Vision Transformer
The standard Transformer receives as input a 1D sequence of token embeddings. To handle 2D images, they reshape the image \(x \in \mathbb{R}^{H \times W \times C}\) into a sequence of flattened 2D patches \(N \times \textbf{x}_p \in \mathbb{R}^{P^2 \cdot C}\), where \((H, W)\) is the resolution of the original image, \(C\) is the number of channels, \((P, P)\) is the resolution of each image patch, and \(N = HW / P^2\) is the resulting number of patches, which also serves as the effective input sequence length for the Transformer.
Note
The Transformer uses constant latent vector size \(D\) through all of its layers, so they flatten the patches and map to \(D\) dimensions with a trainable linear projection.
Classification Head
Similar to BERT's [class]
token, they prepend a learnable embedding to the sequence of embedded patches (\(\textbf{z}^0_0 = \textbf{x}_{class}\)), whose state at the output of the Transformer encoder (\(\textbf{z}_L^0\)) serves as the image representation \(\textbf{y}\).
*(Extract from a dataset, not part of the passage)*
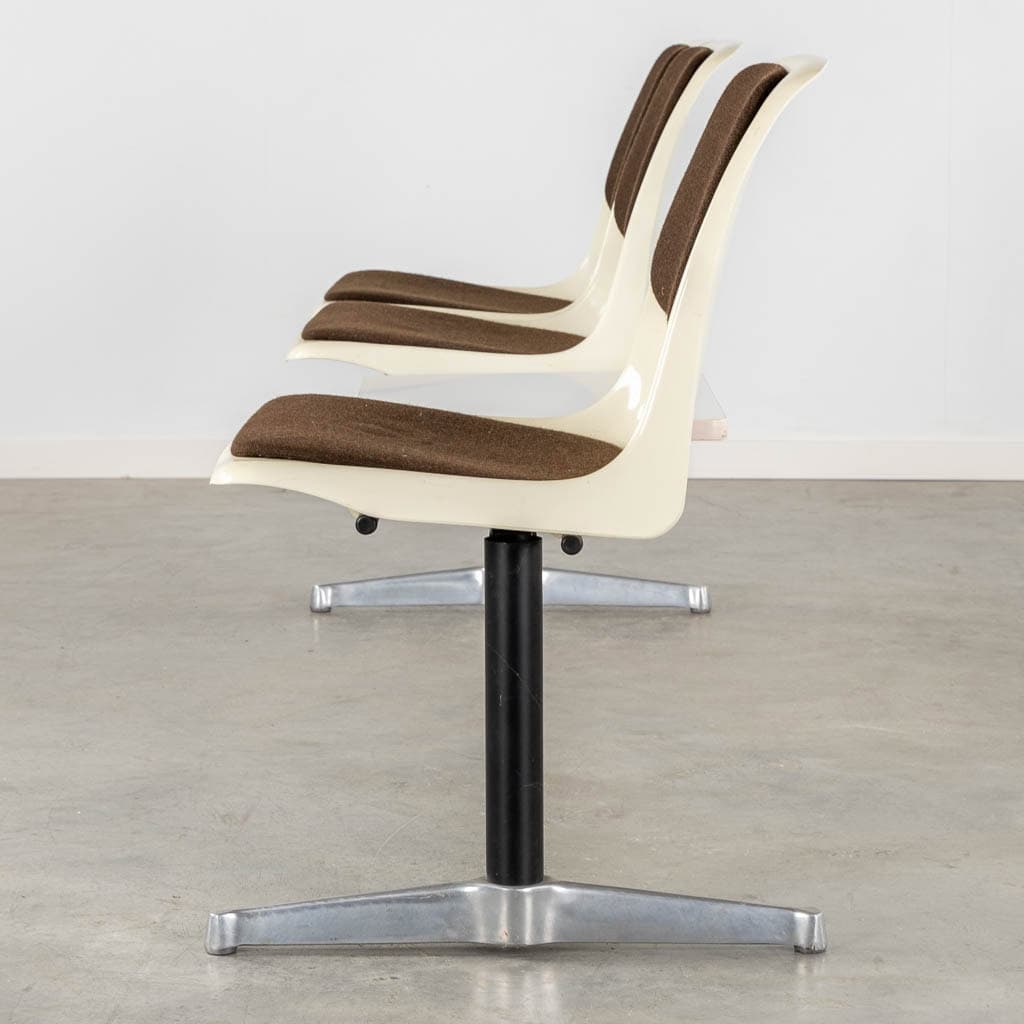 Een rij van drie aaneengeschakelde witte plastic stoelen met bruine zit- en rugleuningkussens, ondersteund door een enkele zwarte metalen voet. Ze staan op een grijze vloer tegen een effen witte muur.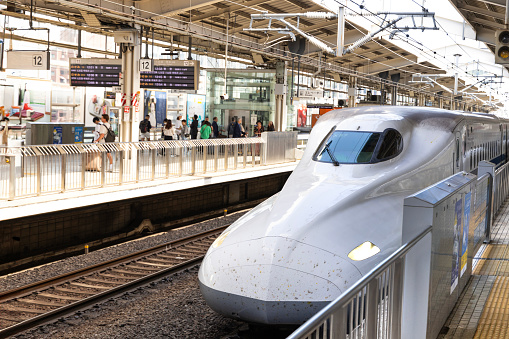 Osaka, Japan - October 11, 2023:  The Shinkansen high speed  bullet train  station platform at the Kyoto railway train station in Kyoto, Japan with e train in view.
Both during pre-training and fine-tuning, a classification head is attached to \(\textbf{z}_L^0\).
Note
The classification head is implemented by a MLP with one hidden layer at pre-training time and by a single linear layer at fine-tuning time.
Position Embedding
Position embeddings are added to the patch embeddings to retain positional information. They use standard learnable 1D position embeddings.